### What the exercise asks
Each line of the material must be reproduced exactly; pictures stay out.

### Entries supplied
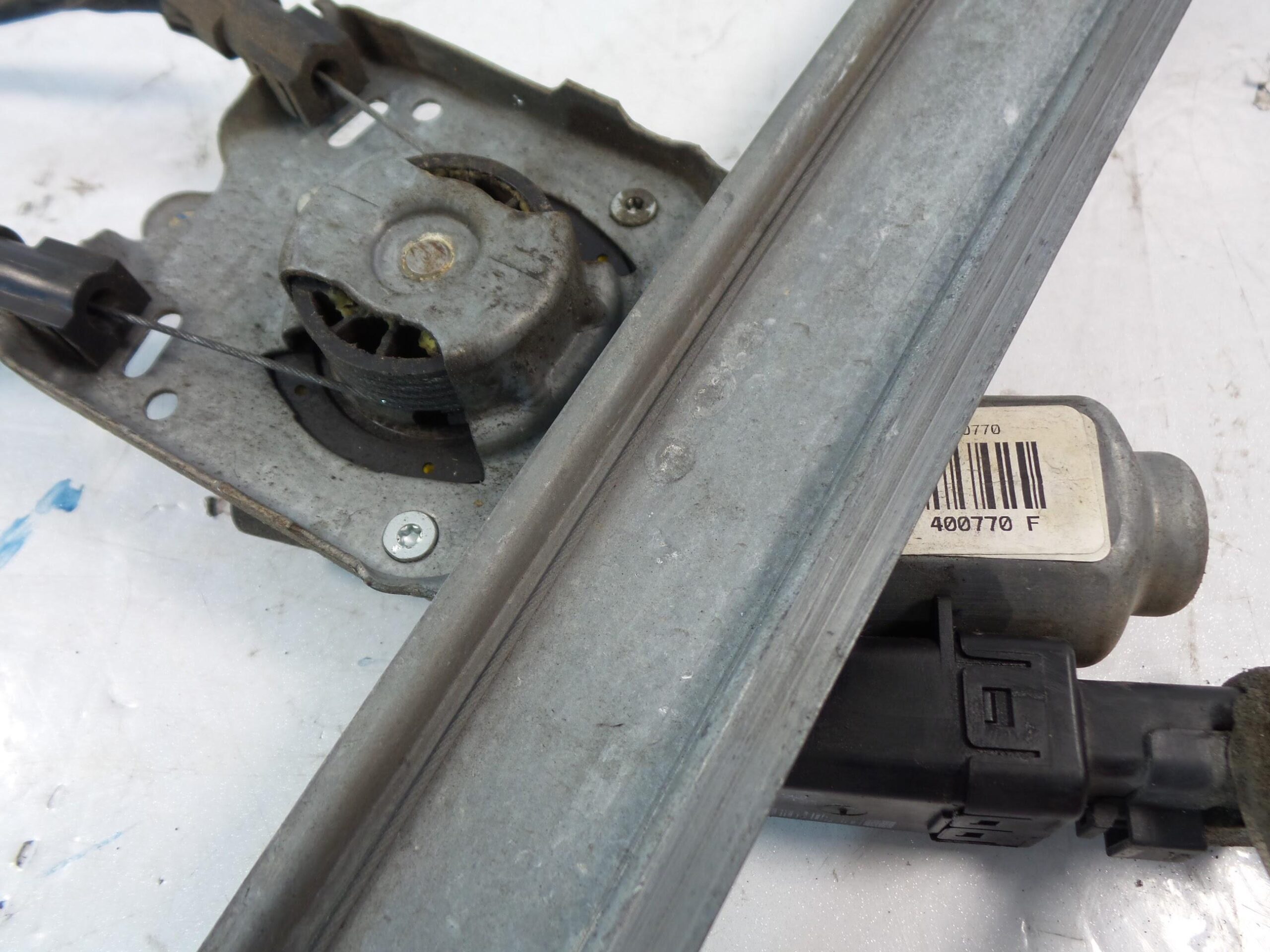 maneta_elevalunas_delantero_izquierdo_400770f_renault_megane_ii_coupecabrio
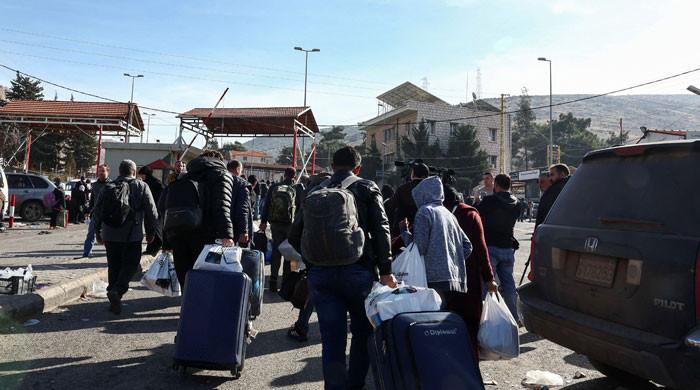 Nearly 400 stranded Pakistanis cross Syria-Lebanon border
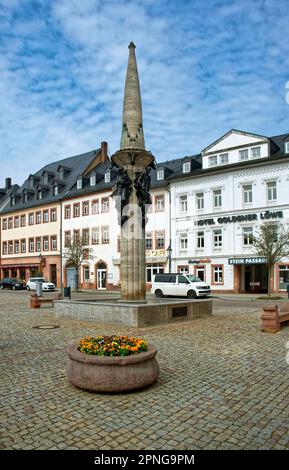 Marktbrunnen und Denkmal für die Gefallenen des 1. Weltkriegs Rochlitz, Markt, Rochlitz, Sachsen, Deutschland Stockfoto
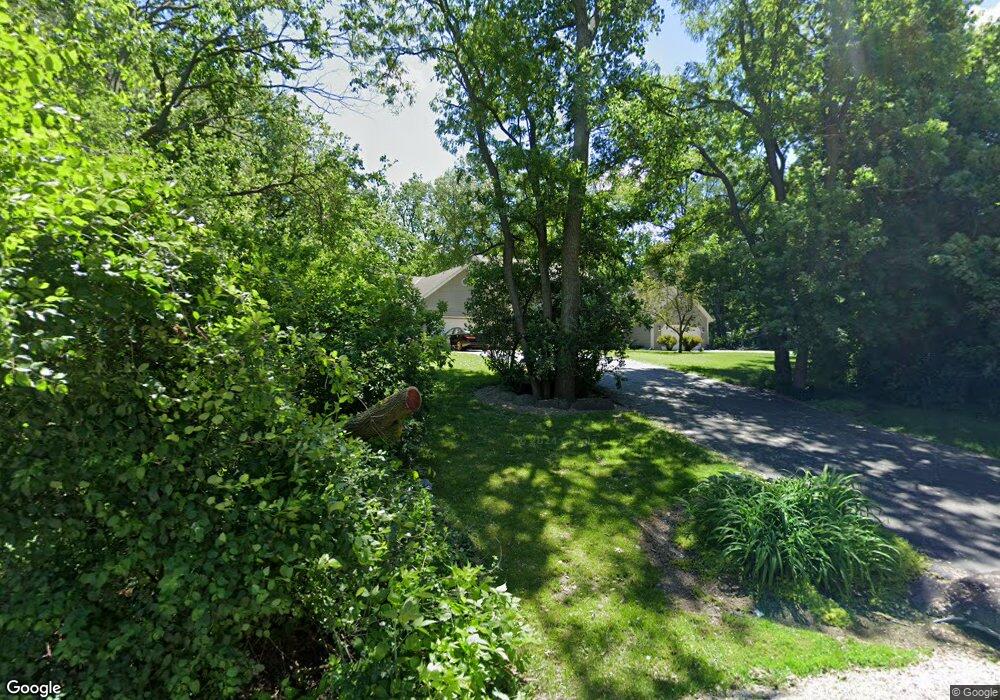 912 Lake Dr, Delafield, WI 53018 - photo 1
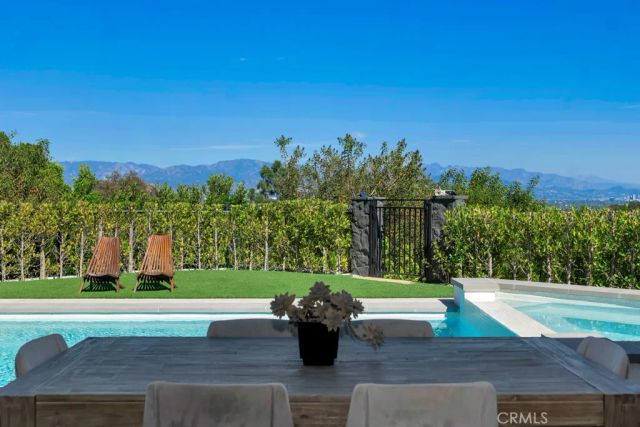 15641 High Knoll Road, Encino, CA 91436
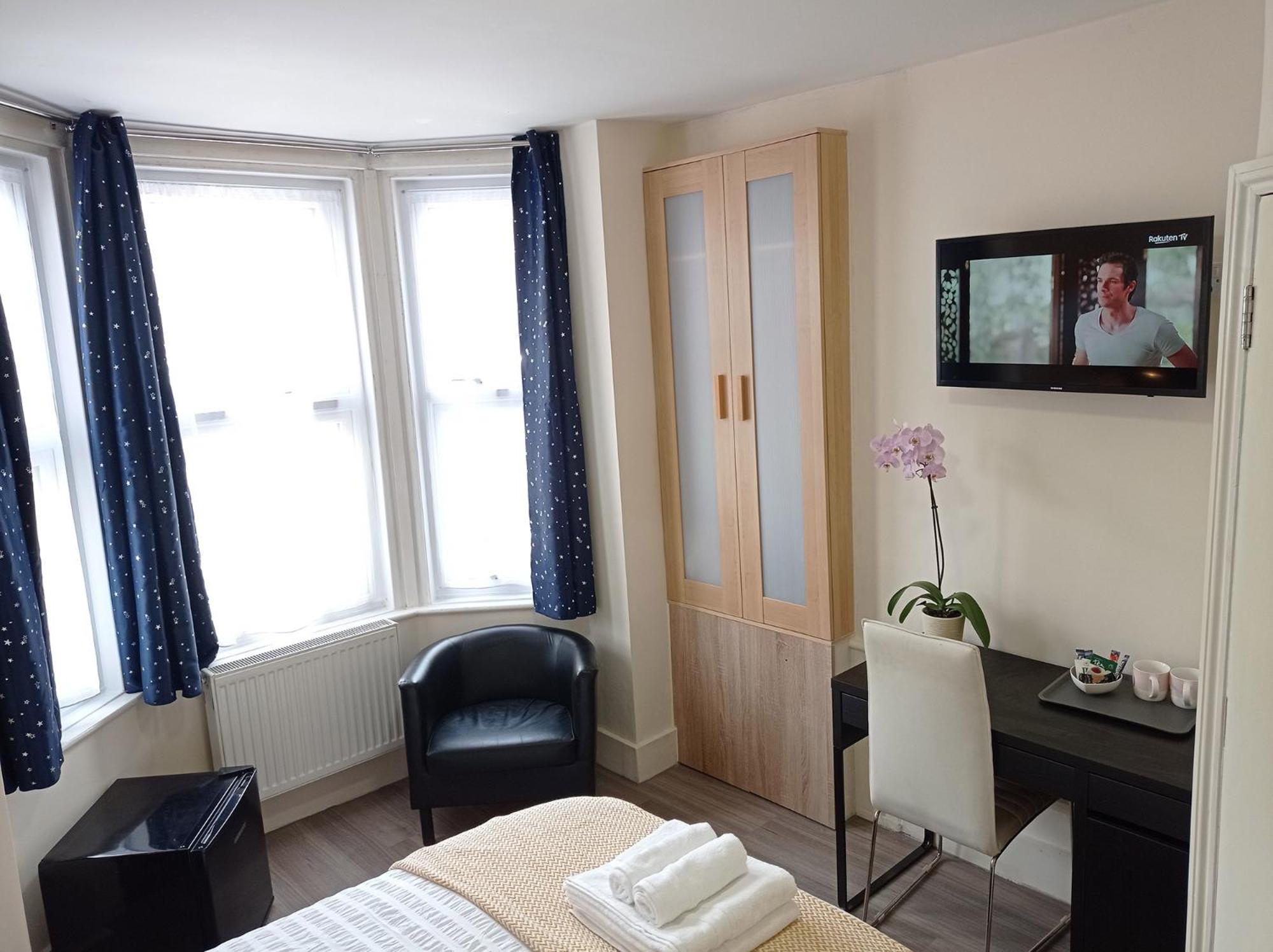 The Little Studio- Self contained one bed studio flat - Image 2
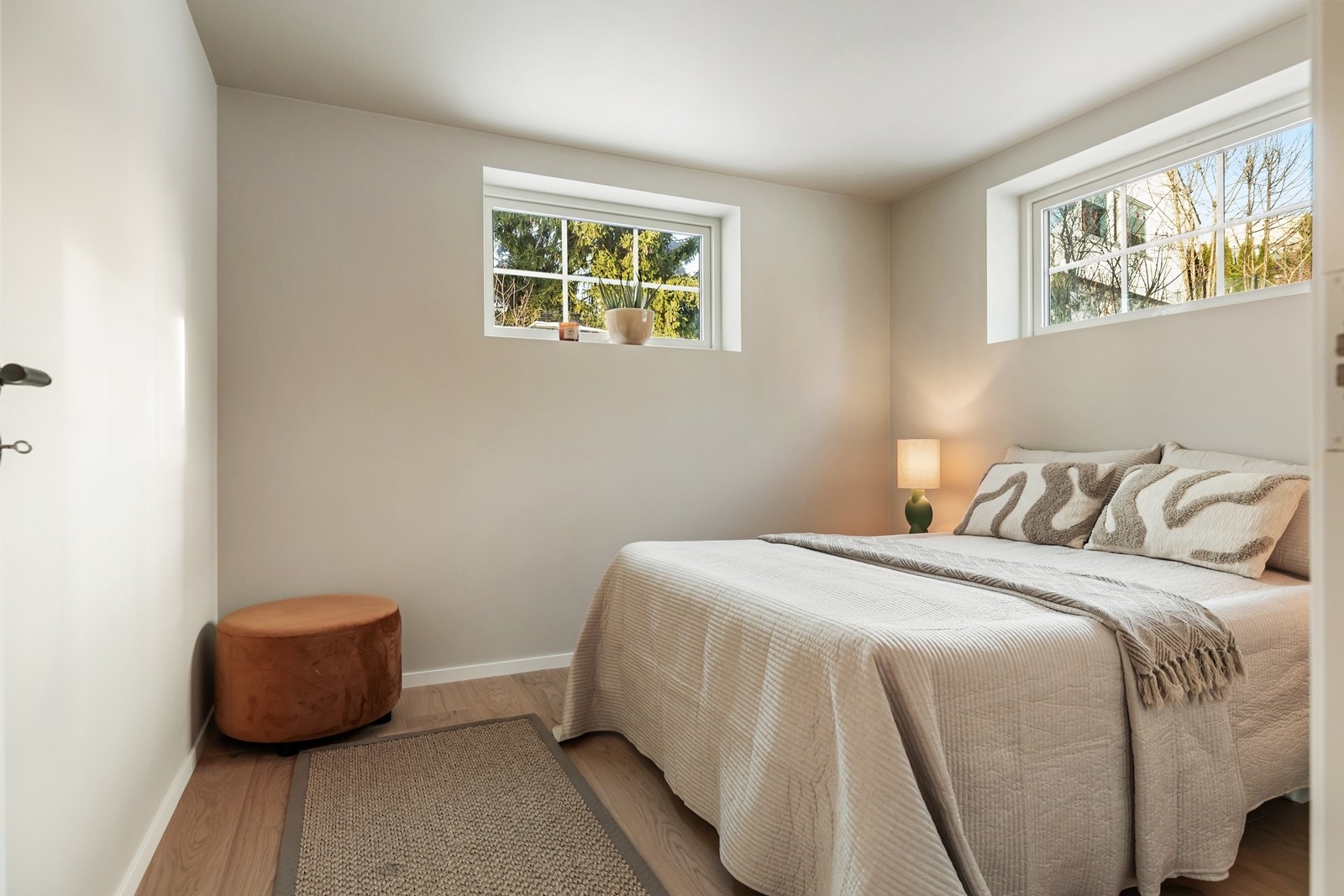 Soverom 3 med 1-stavs parkett med varmekabler Galleribilde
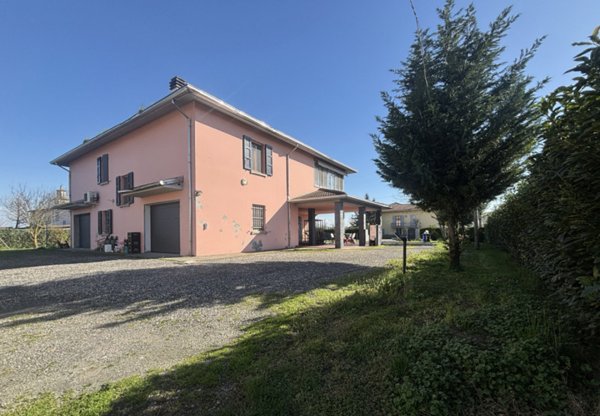 casa indipendente in vendita a San Secondo Parmense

### Response to the exercise
 maneta_elevalunas_delantero_izquierdo_400770f_renault_megane_ii_coupecabrio
 Nearly 400 stranded Pakistanis cross Syria-Lebanon border
 Marktbrunnen und Denkmal für die Gefallenen des 1. Weltkriegs Rochlitz, Markt, Rochlitz, Sachsen, Deutschland Stockfoto
 912 Lake Dr, Delafield, WI 53018 - photo 1
 15641 High Knoll Road, Encino, CA 91436
 The Little Studio- Self contained one bed studio flat - Image 2
 Soverom 3 med 1-stavs parkett med varmekabler Galleribilde
 casa indipendente in vendita a San Secondo Parmense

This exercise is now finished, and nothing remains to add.